Hey guys just curious on kanji for my kagekiyo vintage carbon. I believe front is gesshin kagekiyo (not positive though) and no idea on back. Any help is appreciated!


----------



## Hz_zzzzzz (Dec 21, 2021)

It’s Togo Steel on the back. You’re right about the kanjis on the front.


----------



## jedy617 (Dec 21, 2021)

Hz_zzzzzz said:


> It’s Togo Steel on the back. You’re right about the kanjis on the front.


Interesting they actually put Togo on it. Cool! Thanks for helping out in this and the FM


----------



## Hz_zzzzzz (Dec 21, 2021)

This knife must be rare. Didn’t know it exists. Nice find!


----------



## jedy617 (Dec 21, 2021)

Hz_zzzzzz said:


> This knife must be rare. Didn’t know it exists. Nice find!

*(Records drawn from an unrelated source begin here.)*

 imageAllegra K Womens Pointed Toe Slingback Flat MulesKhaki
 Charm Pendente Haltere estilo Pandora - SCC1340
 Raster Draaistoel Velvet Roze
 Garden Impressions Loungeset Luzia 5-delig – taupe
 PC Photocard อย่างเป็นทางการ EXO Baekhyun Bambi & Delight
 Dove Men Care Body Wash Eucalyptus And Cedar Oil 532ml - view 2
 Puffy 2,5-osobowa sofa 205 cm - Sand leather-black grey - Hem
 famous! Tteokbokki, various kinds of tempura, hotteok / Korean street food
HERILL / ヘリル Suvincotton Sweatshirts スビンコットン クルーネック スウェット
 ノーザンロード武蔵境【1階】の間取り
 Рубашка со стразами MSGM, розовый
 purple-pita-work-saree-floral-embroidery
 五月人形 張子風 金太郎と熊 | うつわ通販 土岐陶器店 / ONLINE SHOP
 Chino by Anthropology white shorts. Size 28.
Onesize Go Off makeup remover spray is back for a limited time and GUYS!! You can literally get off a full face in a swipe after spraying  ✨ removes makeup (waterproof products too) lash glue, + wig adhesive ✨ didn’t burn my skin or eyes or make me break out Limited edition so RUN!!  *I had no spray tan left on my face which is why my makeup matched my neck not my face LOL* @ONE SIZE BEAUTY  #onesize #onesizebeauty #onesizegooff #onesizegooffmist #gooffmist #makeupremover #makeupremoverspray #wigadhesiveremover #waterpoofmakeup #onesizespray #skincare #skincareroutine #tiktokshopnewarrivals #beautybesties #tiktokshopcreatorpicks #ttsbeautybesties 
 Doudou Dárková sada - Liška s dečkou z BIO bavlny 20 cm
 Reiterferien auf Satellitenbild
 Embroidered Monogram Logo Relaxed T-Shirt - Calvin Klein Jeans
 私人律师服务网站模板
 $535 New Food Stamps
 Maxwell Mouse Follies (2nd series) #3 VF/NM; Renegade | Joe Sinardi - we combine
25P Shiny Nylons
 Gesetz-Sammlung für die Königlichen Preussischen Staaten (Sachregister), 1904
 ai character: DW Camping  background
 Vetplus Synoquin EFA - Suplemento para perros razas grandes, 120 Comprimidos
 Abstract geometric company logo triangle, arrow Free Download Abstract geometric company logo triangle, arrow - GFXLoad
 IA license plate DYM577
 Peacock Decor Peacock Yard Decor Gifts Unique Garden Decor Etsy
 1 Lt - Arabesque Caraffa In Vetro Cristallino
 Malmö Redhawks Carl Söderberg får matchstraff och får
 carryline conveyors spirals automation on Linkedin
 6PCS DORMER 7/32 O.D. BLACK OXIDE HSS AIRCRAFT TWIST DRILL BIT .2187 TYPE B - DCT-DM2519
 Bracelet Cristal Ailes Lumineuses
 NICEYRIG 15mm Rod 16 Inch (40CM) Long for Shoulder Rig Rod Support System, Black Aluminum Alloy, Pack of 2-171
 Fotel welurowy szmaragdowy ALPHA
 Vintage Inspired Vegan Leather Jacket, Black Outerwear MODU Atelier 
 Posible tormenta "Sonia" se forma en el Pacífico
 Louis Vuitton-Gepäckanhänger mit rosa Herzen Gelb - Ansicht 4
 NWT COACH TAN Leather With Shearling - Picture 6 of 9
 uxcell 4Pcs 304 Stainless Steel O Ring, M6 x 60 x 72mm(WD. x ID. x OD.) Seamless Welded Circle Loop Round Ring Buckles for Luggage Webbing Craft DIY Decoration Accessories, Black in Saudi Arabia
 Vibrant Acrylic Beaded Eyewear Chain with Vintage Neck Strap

It was dropped on japanese knife imports along with a hinoura dama like 2 weeks ago? Jon posted it on his Instagram and they only had one. I'm guessing most people were gunning for the hinoura and I got lucky! Curious if it's morihiro sharpened since I know he's heavily involved with kagekiyo, however they wouldn't tell me


----------



## jedy617 (Dec 21, 2021)




----------



## Moooza (Dec 21, 2021)

Interesting, they say togo steel but not togo reigo? There are many grades of togo right?


----------



## jedy617 (Dec 21, 2021)

Moooza said:


> Interesting, they say togo steel but not togo reigo? There are many grades of togo right?


on the product description page it says togo reigo, but I believe at this point unless lab tested it's very difficult to actually know, similarly on the konosuke vintage carbons they dont call it togo reigo, just vintage swedish steel


----------